Classical music relaxes dogs in rehoming centres
Published: 2 March 2015
A study conducted by the Scottish SPCA and the University of Glasgow shows that music has a calming effect on dogs. The research, conducted by the charity's education and research manager Gilly Mendes Ferreira and PhD student Amy Bowman, involved testing two groups of dogs over two consecutive weeks at the Scottish SPCA’s Dumbarton & West of Scotland animal rescue and rehoming centre in Milton, West Dunbartonshire.
A study conducted by the Scottish SPCA and the University of Glasgow shows that music has a calming effect on dogs.
The research, conducted by the charity's education and research manager Gilly Mendes Ferreira and PhD student Amy Bowman, involved testing two groups of dogs over two consecutive weeks at the Scottish SPCA’s Dumbarton & West of Scotland animal rescue and rehoming centre in Milton, West Dunbartonshire.
During the first week one group was observed in silence while the other had classical music played into their kennels. The conditions were then switched in the second week.
Gilly Mendes Ferreira and PhD student Amy Bowman with Maurice the Lurcher (courtesy of Scottish SPCA)
Results showed that in both groups the dogs' stress levels decreased significantly after listening to music.
Gilly Mendes Ferreira said: "Male dogs responded better than female dogs and both groups spent less time standing and barking when the music was being played.
"Although by the end of the week their heart rates and behaviour associated with kennel stress had returned to normal, the initial findings are very encouraging and show that classical music does have a positive impact on the dogs' welfare.
"The average length of stay for a dog in our care can range from one to three weeks for small dogs and pedigrees, while larger breeds can remain with us up to six months and some breeds over a year.
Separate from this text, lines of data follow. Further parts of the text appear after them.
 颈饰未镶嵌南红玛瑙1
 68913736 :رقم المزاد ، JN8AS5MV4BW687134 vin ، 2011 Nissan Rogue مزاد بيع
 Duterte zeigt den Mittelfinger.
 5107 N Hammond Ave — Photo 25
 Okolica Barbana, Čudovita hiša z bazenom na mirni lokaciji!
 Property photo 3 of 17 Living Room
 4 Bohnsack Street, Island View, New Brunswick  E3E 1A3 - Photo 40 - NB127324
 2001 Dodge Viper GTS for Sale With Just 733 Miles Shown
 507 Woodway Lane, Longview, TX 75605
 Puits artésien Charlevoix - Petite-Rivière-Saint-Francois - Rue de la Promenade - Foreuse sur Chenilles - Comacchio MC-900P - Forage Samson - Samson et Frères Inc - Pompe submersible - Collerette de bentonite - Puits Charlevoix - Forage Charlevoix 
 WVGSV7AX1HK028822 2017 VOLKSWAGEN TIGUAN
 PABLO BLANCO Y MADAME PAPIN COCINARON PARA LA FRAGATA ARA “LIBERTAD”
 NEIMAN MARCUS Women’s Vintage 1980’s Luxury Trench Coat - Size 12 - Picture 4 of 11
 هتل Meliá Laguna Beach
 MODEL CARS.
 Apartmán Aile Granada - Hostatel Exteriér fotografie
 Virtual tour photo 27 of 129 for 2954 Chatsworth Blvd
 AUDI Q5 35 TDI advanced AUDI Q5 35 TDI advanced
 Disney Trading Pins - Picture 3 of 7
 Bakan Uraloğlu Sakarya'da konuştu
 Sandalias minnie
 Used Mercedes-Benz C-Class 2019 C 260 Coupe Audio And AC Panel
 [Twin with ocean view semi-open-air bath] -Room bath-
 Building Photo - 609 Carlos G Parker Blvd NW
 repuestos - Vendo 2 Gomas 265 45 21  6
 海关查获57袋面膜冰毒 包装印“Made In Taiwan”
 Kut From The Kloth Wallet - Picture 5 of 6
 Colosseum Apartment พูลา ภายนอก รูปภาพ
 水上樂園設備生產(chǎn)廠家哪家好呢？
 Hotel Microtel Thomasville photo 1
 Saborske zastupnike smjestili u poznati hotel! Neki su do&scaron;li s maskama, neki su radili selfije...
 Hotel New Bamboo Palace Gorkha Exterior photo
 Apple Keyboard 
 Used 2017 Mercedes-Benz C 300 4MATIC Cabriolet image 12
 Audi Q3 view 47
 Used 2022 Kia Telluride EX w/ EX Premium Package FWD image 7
We want to make each dog's time with us as comfortable as possible and this research is at the very forefront of animal welfare.
"We monitored the dogs' heart rates, collected saliva samples and observed their behaviour, meaning the research was non-invasive which was extremely important to us. This is the first step in a longer line of research and we can now try other types of music to find out how dogs respond to different genres. We will then decide how best to roll this out in all of our rehoming centres."
Professor Neil Evans, of the Institute of Biodiversity, Animal Health and Comparative Medicine, said: "Dogs entering a rescue and rehoming centre face new surroundings, spatial and social restrictions, other dogs and increased noise levels, some of which the dogs might find stressful.
"A range of animate and inanimate environmental enrichment techniques have been employed within kennels to try to minimise the stress experienced by dogs."
Researcher Amy Bowman said: "Previous studies have shown potential psychological and physiological benefits of auditory stimulation, particularly classical music.
"Our study showed a similar beneficial effect of classical music but it only lasted for a short period. The dogs became habituated to the music after as little as one day. It seems dogs, like humans, prefer to listen to a variety of music and not the same thing over and over again."
The study, entitled 'Four Seasons in an Animal Rescue Centre: Classical Music Reduces Environmental Stress in Kennelled Dogs', is published in the journal Physiology & Behaviour.